Now let’s think of the man’s poor wife, at home doing her daily chores, taking care of the children. How does she begin to feel? She becomes listless, uninspired, as he draws on her energies to feed the adulteress. The home becomes an empty place. She and the children are alone in a barracks, between walls that do not hold in love and compassion and kindness.

What is the healing when adultery has happened? We are working with the Sringeri Shankaracharya and his team to find more of the traditional prayashchitta, penance, to deal with this and other similar matters. Indeed, this is one of the great challenges of human relationships. Don’t dismiss this as irrelevant on the spiritual path, the path to liberation, or at least to getting a better birth in the next life. Perform some kind of penance that will sever the tubes: maybe walking on fire or sleeping on a bed of nails for three days and nights, or performing kavadi with fifteen spears pierced through the flesh, a well-known public penance.
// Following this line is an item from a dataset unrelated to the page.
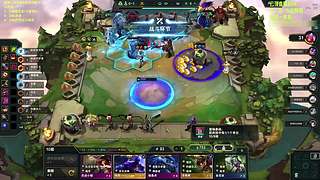 爽玩恭喜发大财！花式追三星五费！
The best resolution is to live with the spouse like brother and sister under vows of celibacy. Those who don’t do something to mitigate the kukarmas and break the astral ties of adultery will suffer through the lives of their children, who will follow the patterns that they secretly set.

Adultery can be stopped on the mental plane. In fact, if it is not stopped there, watch out. It can be stopped on the emotional plane. Husbands beware of secretaries more beautiful than your wife. Wives beware of employers who may be more exciting than your husband. Pornography adulterers, you can turn off that computer and stop the pornography on the mental plane.

Finally, beware of the siren, the professional seducer, who is there, always there, when the wife is incapacitated or when the husband is on a business trip. They appear in many forms. There is always a price to pay. They may break up the marriage. Children may lose their mother or father. Guilt supersedes and far outlasts all temporary pleasure.

Fidelity and infidelity are part of the human experience. The choice is yours which part of the human experience you want to experience.